Our clients are reminded of the obligation to update their Belgian articles of association to reflect the new Companies and Associations Code. Companies have until the end of the year to effect this change. In some cases, the new Companies and Associations Code provides some much-needed flexibility and bringing articles in line with the new law allows companies to operate with more freedom – we therefore advise our clients to take advantage of this opportunity, where possible.

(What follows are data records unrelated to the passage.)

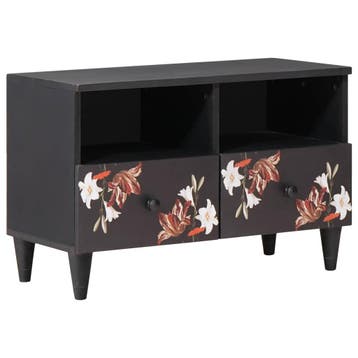 vidaXL Opslagkasten Multikleur 70 x 33,5 x 46 cm Massief, Verzenden, Nieuw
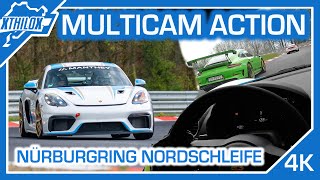 Catching up with GT3 RS MR + GT4 MR - Multicam Lap DJI Osmo Action 2 + 3 NÜRBURGRING NORDSCHLEIFE 4K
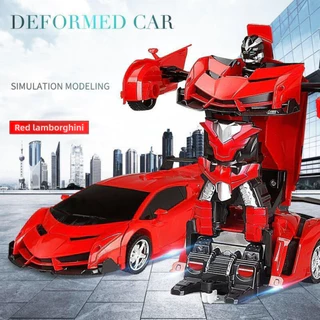Controle remoto de um botão transformando robô King Kong carro de controle remoto Lamborghini modelo de corrida elétrico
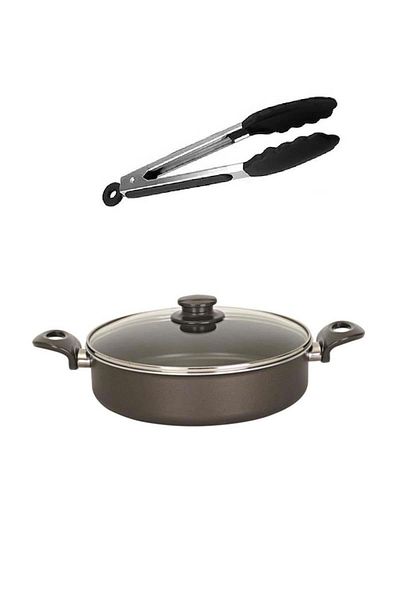 Mehtap 30 CM Carniyarık Teflon And Altabi Silicone Tongs
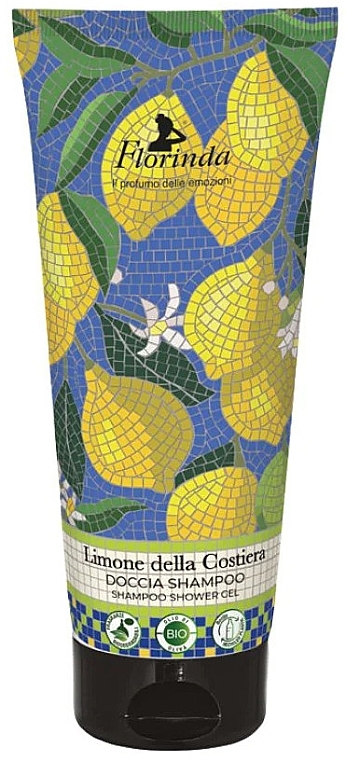 Shampoo-Duschgel Zitrone - Florinda Mosaici Italiani Shampoo Shower Gel  — Bild N1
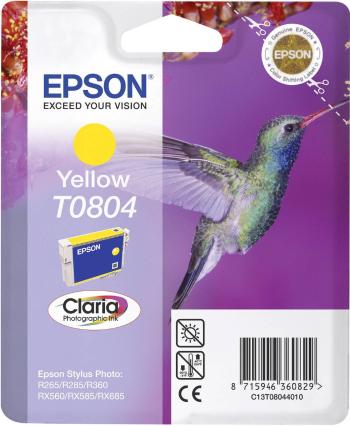 Epson Ink T0804 originál  žltá C13T08044011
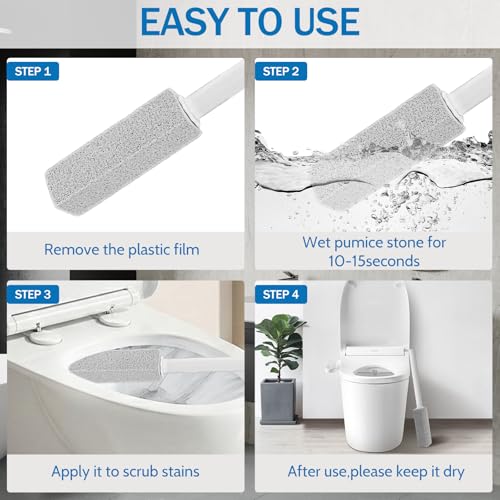 Ocean Scent Pumice Stone Toilet Bowl Cleaner with Long Handle
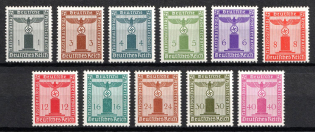 1942 Third Reich, Germany, Official Stamps (Mi. 155 - 165, Full Set, CV $60, MNH)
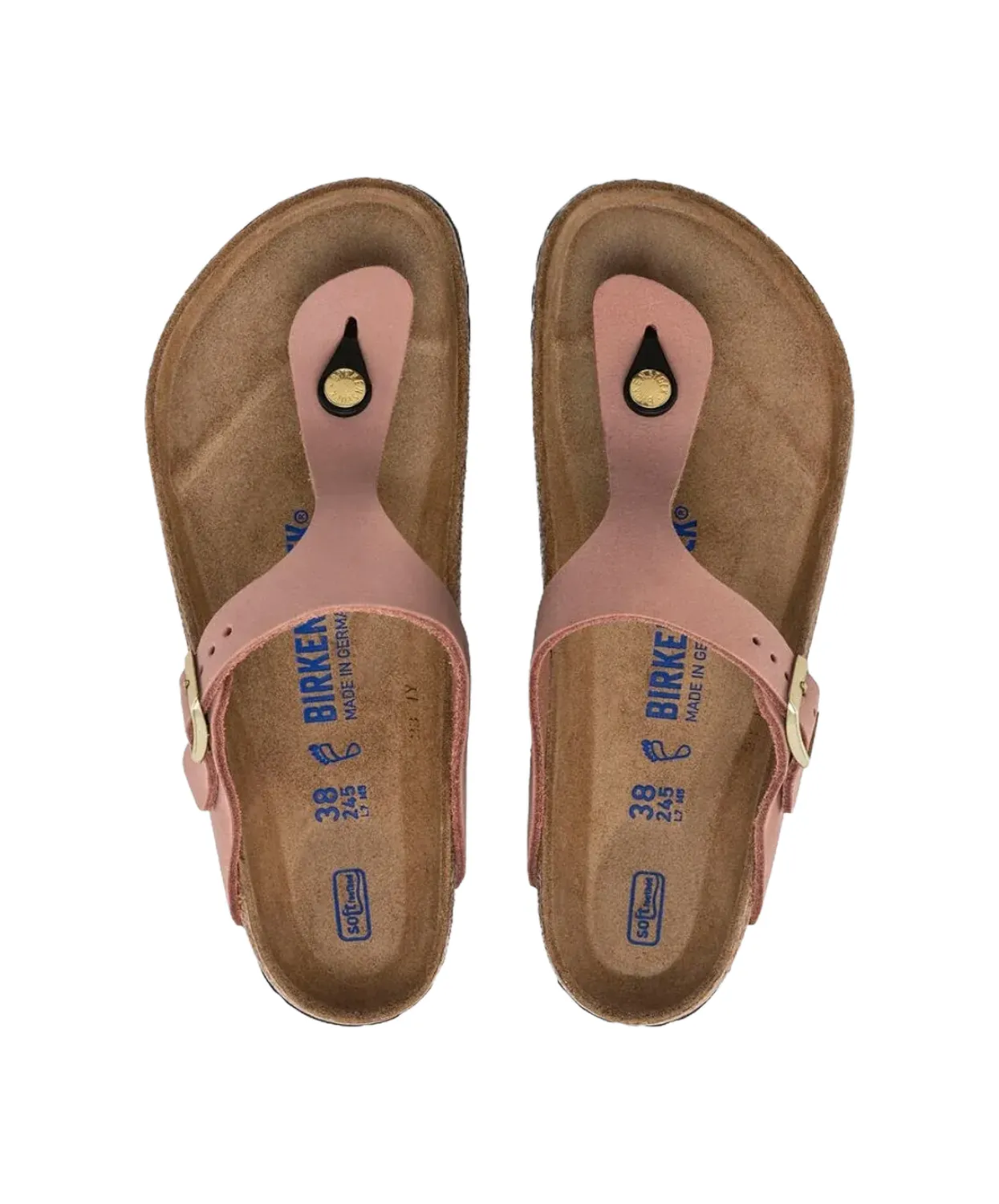 Birkenstock Gizeh Nubuck Leather Old Rose SFB Sandals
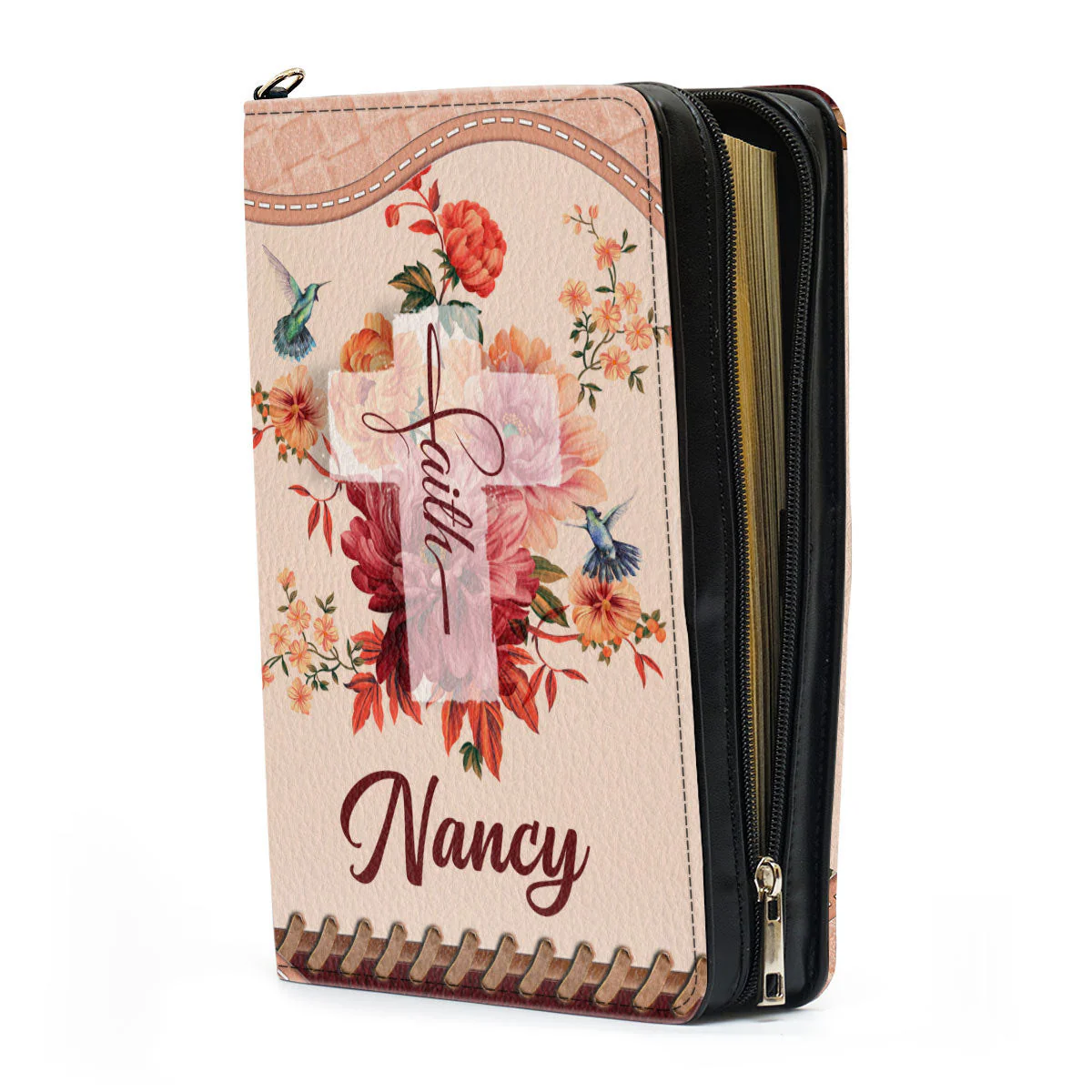 Nothing Is Impossible With God - Beautiful Personalized Bible Covers - AT4082459 - Image 4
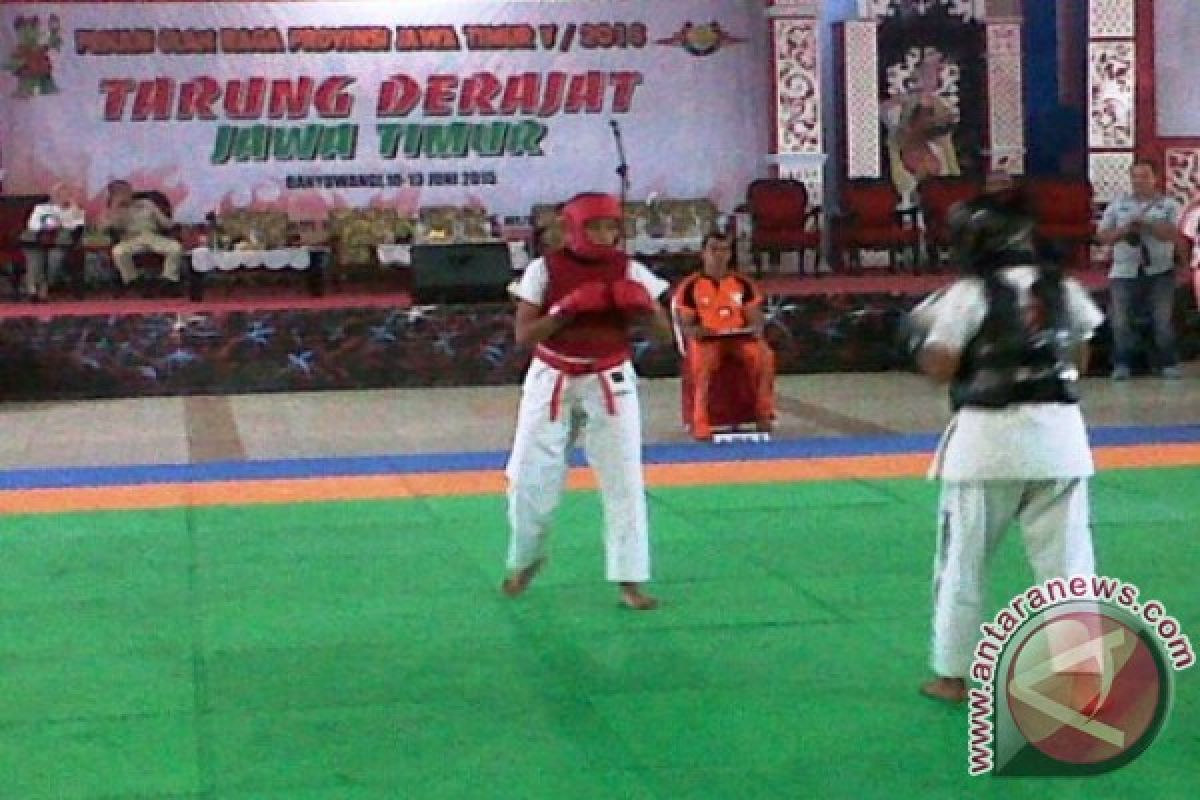 Banyuwangi Juara Umum Tarung Derajat Porprov 2015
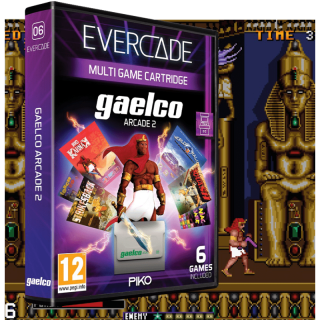 Evercade #03, Gaelco Arcade 1, 6in1, Retro, Multi Game, Játékszoftver csomag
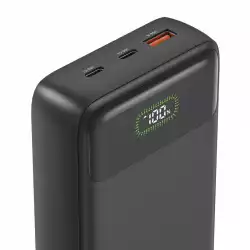 HAMA Външна батерия "PD27-W65", 27000 mAh, Изходи: 2xUSB-C, USB-A, Бързо зареждане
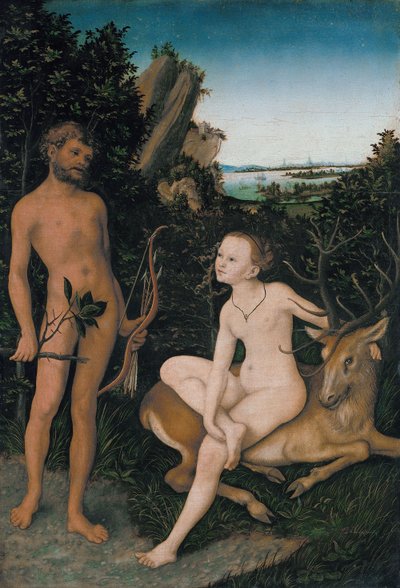 Apollon et Diane - Lucas Cranach the Elder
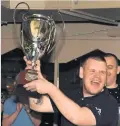  ??  ?? Champion Larkhall’s Scott Gillespie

One additional point to note is that certain affected companies (particularly some older forms of private limited liability companies) also need to convert their legal form into one of the new legal formats by this date. If a company fails to comply, then on 1 January 2024, the company will automatically be converted into the legal form that best matches with its old form (which may not be suitable for companies in all cases).

Czech Republic

Preventive Restructuring: new opportunities for entrepreneurs in difficulties

After many years of waiting, the Act on Preventive Restructuring (Act No. 284/2023 Coll.) came into effect on 23 September 2023. This piece of legislation implements the Directive of the European Parliament and the Council (EU) 2019/1023 of 20 June 2019, as we have noted in many other EU jurisdictions in our other publications (and seen in Luxembourg, below). The aim of this legislation is to introduce an out-of-court form of restructuring for entrepreneurs in financial difficulty, thereby offering a more effective alternative to traditional insolvency proceedings. This restructuring process averts impending bankruptcy based on private-law negotiation. The court only intervenes if the restructuring plan is not accepted.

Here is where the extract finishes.